18-25 percent of the Danish population carries a genetic mutation that can make them resistant or even immune to HIV. This knowledge is used to develop modern treatments for the virus.

Until now, it was unknown where, when, or why the mutation occurred. But by using advanced DNA technology, researchers have now solved this genetic mystery.

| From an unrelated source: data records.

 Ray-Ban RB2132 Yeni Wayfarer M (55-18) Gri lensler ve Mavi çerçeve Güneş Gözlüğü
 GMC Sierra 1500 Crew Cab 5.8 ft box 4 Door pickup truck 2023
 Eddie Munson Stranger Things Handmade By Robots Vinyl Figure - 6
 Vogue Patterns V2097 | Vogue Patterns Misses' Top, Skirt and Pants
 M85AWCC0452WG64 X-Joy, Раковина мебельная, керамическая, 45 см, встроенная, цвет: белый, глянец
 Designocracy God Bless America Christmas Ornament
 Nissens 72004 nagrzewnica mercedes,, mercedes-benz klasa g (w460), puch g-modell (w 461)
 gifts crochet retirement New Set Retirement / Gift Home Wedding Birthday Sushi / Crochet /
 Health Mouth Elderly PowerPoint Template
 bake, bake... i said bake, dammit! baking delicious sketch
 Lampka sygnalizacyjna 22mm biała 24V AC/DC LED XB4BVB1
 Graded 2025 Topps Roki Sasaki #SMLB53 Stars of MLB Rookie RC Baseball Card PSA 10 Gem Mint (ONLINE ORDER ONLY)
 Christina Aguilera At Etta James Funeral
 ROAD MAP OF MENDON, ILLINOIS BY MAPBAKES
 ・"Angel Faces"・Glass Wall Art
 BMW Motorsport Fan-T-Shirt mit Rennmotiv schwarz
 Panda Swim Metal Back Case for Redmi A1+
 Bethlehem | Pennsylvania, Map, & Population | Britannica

“It turns out that the variant arose in one individual who lived in an area near the Black Sea between 6,700 and 9,000 years ago,” says Professor Simon Rasmussen from the Novo Nordisk Foundation Center for Basic Metabolic Research (CBMR) at the University of Copenhagen, corresponding author of a new study mapping the mutation. He adds:

“HIV is a relatively new disease – less than 100 years old – so it’s almost coincidental and very fascinating that a genetic variation that arose thousands of years ago also protects against a modern virus like HIV.”

Analyzed 900 skeletons

To determine where and when the mutation arose, researchers first mapped it by analyzing the genetic material of 2,000 living people worldwide. They then developed a new AI-based method to identify the mutation in ancient DNA from old bones.

The researchers examined data from over 900 skeletons dating from the early Stone Age to the Viking Age.

“By looking at this large dataset, we can determine where and when the mutation arose. For a period, the mutation is completely absent, but then it suddenly appears and spreads incredibly quickly. When we combine this with our knowledge of human migration at the time, we can also pinpoint the region where the mutation originated,” explains first author Kirstine Ravn, senior researcher at CBMR.

Thus, the researchers were able to locate the mutation in a person from the Black Sea region up to 9,000 years ago – an individual from whom all carriers of the mutation descend.

Was an advantage back then

But why do so many Danes carry a millennia-old genetic mutation that protects against a disease that didn’t exist back then?

The researchers believe the mutation arose and spread rapidly because it gave our ancestors an advantage:

“People with this mutation were better at surviving, likely because it dampened the immune system during a time when humans were exposed to new pathogens,” explains Leonardo Cobuccio, co-first author and postdoc at CBMR. He and Kirstine Ravn elaborate:

“What’s fascinating is that the variation disrupts an immune gene. It sounds negative, but it was likely beneficial. An overly aggressive immune system can be deadly – think of allergic reactions or severe cases of viral infections like COVID-19, where the immune system often causes the damage that kills patients. As humans transitioned from hunter-gatherers to living closely together in agricultural societies, the pressure from infectious diseases increased, and a more balanced immune system may have been advantageous.”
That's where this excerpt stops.